The crime rate in China is very low. There are very strict gun laws, and crimes against foreigners are dealt with in very emphatic ways. There is petty crime in every country including China. But the streets are far safer than anywhere in Europe, America, Africa and some other Asian countries. Serious crime against foreigners is negligible. So don't worry.

Pollution levels vary from city to city. If you have any health problems before going, they will be exasperated in a polluted Chinese city. Do research on the internet on the levels in your chosen city and then make your mind up. Best of luck. It's a wonderful country if you give it your best shot. Cheers. - Taiyuan Irish


----------



## Attilio

I've been to Dongguan and i found it to be a very nice city, i've also had friends recommend it!


----------



## FLYINGA88

*Dongguan is the best place to live and work*

I have been in Dongguan for almost 13 years it the best place to live and work..
unfortunately,the company i used to work in an EMS ended its operation due to the effect of the global economic turn down,now i'm back in the phils and managing a small family business,but i am still eager to go back in the corporate world if there will be an opportunity..of course i will still prefer to work in Dongguan...


----------



## Dom and Claire West

Not sure where you are currently living but being an expat in China is very hard and a big culture shock, the country has a long way to go before it becomes easier for foreigners living outside the Big 3, Guangzhou, Beijing, Shanghai. If I had the opportunity I'd take the Thailand Job rather than China especially if it is your first Asia role, do Thailand and do Donguan in a couple of years when it is easier.

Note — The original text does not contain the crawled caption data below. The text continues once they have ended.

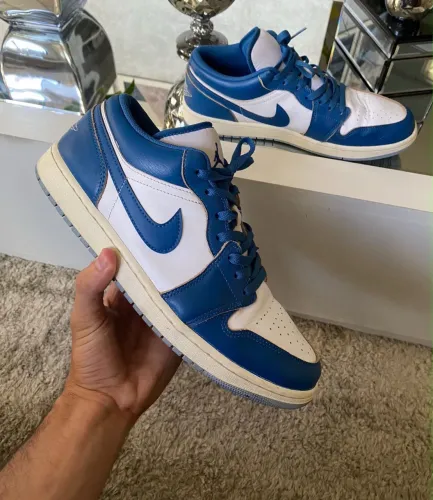 Air Jordan Low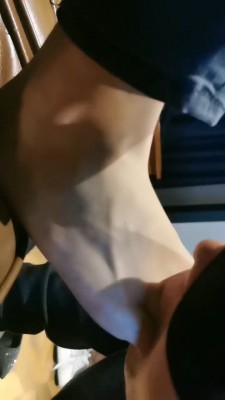 【网盘】【美娜情侣】原味黑丝脚辱绿帽 bf20963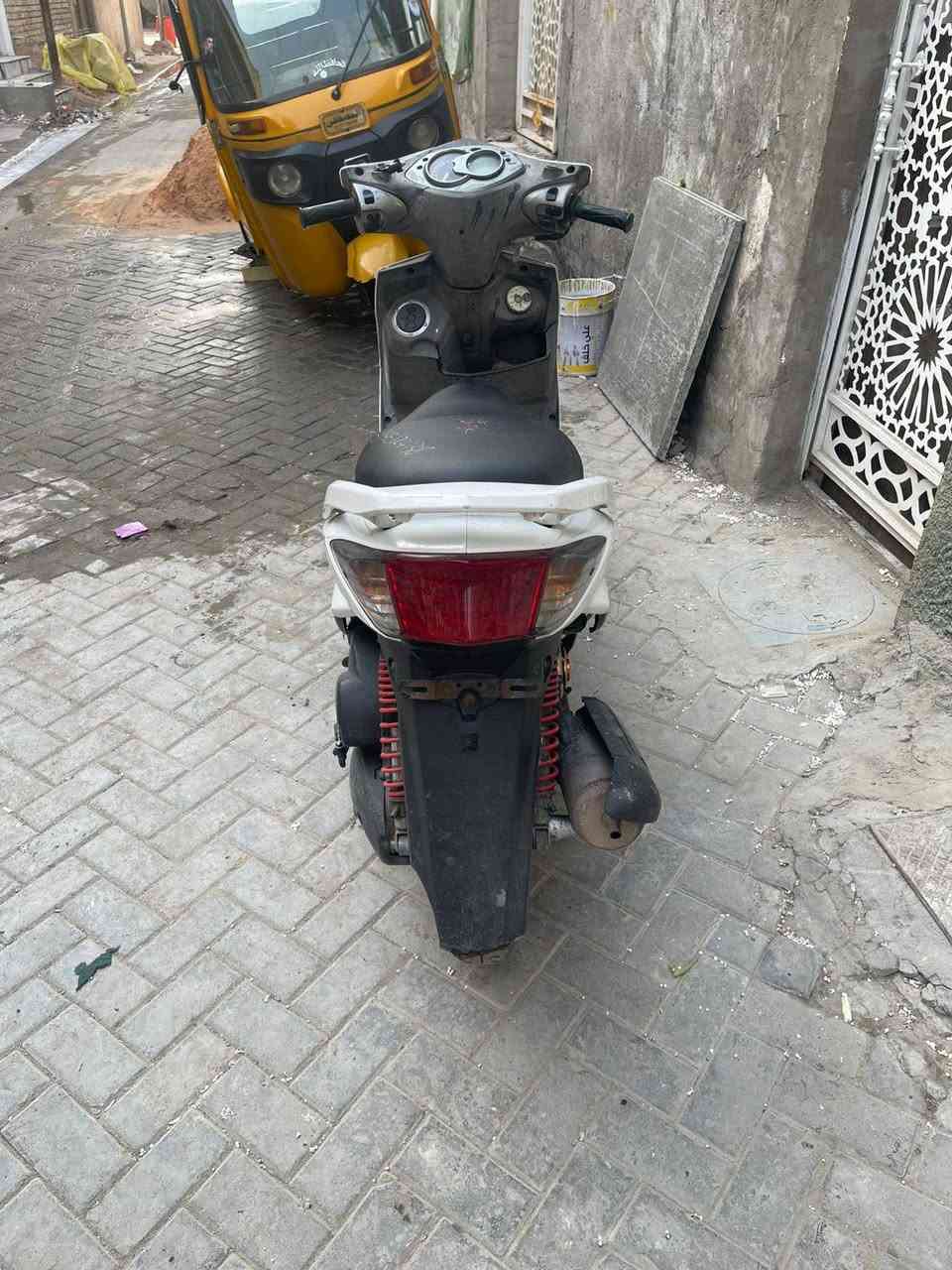 سلام عليكم سكنس فحل للبيع دراجه مكينه كفاله كشر كبالكم
كفاله من السرقه المكان بغداد المدينه قطاع 33 السعر 650 وبيه مجال قليل الرقم ***********ملاحضه كابريتر ومو نوزل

And I am currently living in here not in one of the big 3


----------



## Dom and Claire West

Just to add that I do enjoy living here but it has taken longer than expected to settle. Thailand has the advantage of English speakers and an understanding of Westerners so we don't get stared at or our children photographed just for being white.


----------



## dj_freace2002

I am more than 3 1/2 years now in Dongguan.
It depends where you will live, industry side or city center.
Actually here are only thief around, no brutal robberies or anything.
Sometimes bar fights, but where isn't it like that.
Here are awesome bars and restaurants, especially the foreign owned ones.
Its not so bad here compared to other cities, but its in the south of china.
Easy going to Hong Kong for a visit back to Civilization


----------



## visionsen

Feel free to come to China. l have worked for several years in China and the life is good.Crime rate is very low and for Dongguan it's safe.l worked in about three cities there namely Shillong that's the name of the the first train stop when coming from Guangzhou by train, Guagcheng, And Nanchang. It's fun living here but be ready for some language problems.


----------



## jeremy1021

I agree, China is a very comfortable place to teach English. And due to the low cost of living you can enjoy a relatively high standard compared to other places


----------